By Peter Jeff
The Leadership Mints Guy
Here’s an idea to infuse added trust in your relationships. Reading time: 2:47
Balancing each other on the SeeSaw, the two elementary school girls personified a key leadership skill: trusting each other. Completely.
With that well-secured bond of trust, each can soar to new heights with the reciprocal action of the other.
But without that bond of trust linking these partners, one can come quickly crashing down when the other simply steps off the SeeSaw and walks away. At the wrong time.
And does the other wrong.
That’s why the most trusting leaders always FIRST discern the consequences of their own actions on another. Then they project those behaviors on to themselves with a greater sense of emotional intelligence. Indeed the most trusting leaders FIRST see themselves in the other person’s shoes.
After all, it takes two to dance the Tango of Trust. What you give, you get. What you sow, you reap.
No wonder the most trusting leaders focus on seeing EYE-to-EYE with their trusted partners. They see EYE as an insightful acrostic standing for the three-legged stool upon which all trust sits:
E for Experience
E for an Experience that is shared between the two trusting parties. Together they have been battle tested. Together they have been successful, safe and secure. Together they have both trusted and proven trustworthy.

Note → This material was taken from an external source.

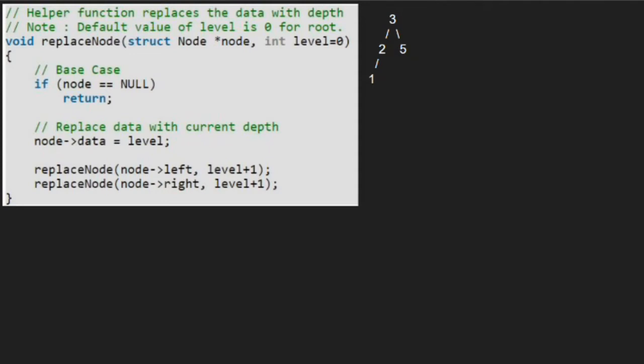So node will point to 3, which is the root node. Since root is not null, we replace node's data with level. So 3 will be replaced by level, which is 0. Now we call for the left child of node, which is 2, along with level plus 1 using a call stack.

Together they enjoy a high degree of predictability with each other and a strong sense of compatibility. Together they have proven their accountability and their availability. And together these two trusting partners have earned a reputation for being there for each other 24/7. Fully connected.
Y for Yielding
Y for Yielding, yielding control to each other on a regular alternating basis. One is on the ground while the other is hanging on in mid-air and the yield reverses. Up goes down and down goes up.
The resulting vulnerability makes the trusted leaders that much more trusting of each other. In fact leadership shifts back and forth between them. So when one is leading the other is following.
Both the leader and the follower are mutually influential, their leadership passing back and forth between them depending on the task and who has the competency to deal with it.
Significantly, in giving up power to each other on a regular alternating basis empowers them even more. Their alternating control beams even more significantly with the force of an alternating current which carries electricity farther than the more controlling, batteries-required, direct power.
E for Expertise
E for Expertise, a shared sense of know-how and bravura between you and your trusting partner. You are confident in each other’s skills and comfortable in each other’s proverbial arms to perform as expected under deadline pressure. No surprises. No betrayals. No knives in the back.
With their EYE of TRUST well-focused on each other, the two trusting partners dance the Tango of Trust with a greater sense of premise and promise to each other. They mean what they say and they say what they mean. They have an inherent sense of integrity and accountability that others can fully rely on to perform at their personal best BECAUSE of their trusting relationship and trustworthy behaviors.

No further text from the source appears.